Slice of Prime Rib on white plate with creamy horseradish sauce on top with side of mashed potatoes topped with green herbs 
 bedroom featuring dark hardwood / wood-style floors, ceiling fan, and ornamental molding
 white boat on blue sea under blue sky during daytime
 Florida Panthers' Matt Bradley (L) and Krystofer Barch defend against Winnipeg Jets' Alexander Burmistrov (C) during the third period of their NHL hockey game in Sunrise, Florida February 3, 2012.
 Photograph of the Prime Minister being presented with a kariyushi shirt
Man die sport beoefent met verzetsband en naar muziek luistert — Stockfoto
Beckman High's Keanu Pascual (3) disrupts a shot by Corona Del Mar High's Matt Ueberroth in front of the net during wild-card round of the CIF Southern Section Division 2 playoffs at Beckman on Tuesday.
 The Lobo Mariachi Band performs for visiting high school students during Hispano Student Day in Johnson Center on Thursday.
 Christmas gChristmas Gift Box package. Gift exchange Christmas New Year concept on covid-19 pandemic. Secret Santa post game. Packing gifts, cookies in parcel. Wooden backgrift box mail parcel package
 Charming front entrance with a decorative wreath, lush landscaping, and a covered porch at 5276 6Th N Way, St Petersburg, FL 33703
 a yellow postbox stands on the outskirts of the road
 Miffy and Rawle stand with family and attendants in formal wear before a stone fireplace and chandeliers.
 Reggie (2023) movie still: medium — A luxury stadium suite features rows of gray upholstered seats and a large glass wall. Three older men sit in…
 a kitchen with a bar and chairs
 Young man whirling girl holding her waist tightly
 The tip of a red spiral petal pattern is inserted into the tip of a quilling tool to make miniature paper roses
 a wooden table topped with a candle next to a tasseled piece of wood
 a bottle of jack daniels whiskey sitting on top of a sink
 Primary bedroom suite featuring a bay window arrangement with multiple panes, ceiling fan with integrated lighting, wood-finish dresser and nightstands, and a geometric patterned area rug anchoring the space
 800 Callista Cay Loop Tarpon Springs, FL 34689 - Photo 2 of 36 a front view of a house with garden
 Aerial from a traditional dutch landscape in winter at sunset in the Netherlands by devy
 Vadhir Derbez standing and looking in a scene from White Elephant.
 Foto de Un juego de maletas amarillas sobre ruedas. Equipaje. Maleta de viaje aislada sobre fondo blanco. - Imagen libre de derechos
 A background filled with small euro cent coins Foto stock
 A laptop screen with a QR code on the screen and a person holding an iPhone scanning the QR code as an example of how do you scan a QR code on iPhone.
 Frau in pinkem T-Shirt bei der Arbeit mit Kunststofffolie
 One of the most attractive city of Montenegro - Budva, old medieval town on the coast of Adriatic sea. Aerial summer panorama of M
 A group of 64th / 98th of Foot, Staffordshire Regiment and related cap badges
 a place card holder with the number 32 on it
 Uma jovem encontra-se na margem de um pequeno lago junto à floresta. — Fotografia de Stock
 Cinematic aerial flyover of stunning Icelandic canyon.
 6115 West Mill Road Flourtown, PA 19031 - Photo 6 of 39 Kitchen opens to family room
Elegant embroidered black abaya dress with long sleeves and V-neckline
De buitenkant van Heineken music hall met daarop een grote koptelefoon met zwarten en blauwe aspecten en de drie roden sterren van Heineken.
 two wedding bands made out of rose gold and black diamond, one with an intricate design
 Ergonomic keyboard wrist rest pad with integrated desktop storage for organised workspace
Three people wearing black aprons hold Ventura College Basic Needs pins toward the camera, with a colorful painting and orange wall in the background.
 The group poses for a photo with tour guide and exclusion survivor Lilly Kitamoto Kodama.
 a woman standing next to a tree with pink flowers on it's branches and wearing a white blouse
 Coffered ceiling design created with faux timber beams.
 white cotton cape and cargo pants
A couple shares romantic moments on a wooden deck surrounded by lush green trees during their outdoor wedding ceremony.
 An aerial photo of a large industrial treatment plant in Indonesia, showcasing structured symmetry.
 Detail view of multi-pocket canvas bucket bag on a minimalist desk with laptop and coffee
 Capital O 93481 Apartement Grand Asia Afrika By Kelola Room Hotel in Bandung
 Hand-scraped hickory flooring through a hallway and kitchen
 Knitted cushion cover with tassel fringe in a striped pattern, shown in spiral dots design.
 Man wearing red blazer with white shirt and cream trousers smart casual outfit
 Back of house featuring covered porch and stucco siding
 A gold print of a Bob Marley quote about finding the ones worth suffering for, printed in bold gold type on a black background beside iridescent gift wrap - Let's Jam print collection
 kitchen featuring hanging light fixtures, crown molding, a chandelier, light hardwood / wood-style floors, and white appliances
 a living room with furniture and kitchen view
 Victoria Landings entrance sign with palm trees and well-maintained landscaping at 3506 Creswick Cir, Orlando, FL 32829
• • •
About this task —
The reply should hold only how many lines in the material include the word "laptop".

Written solution —
2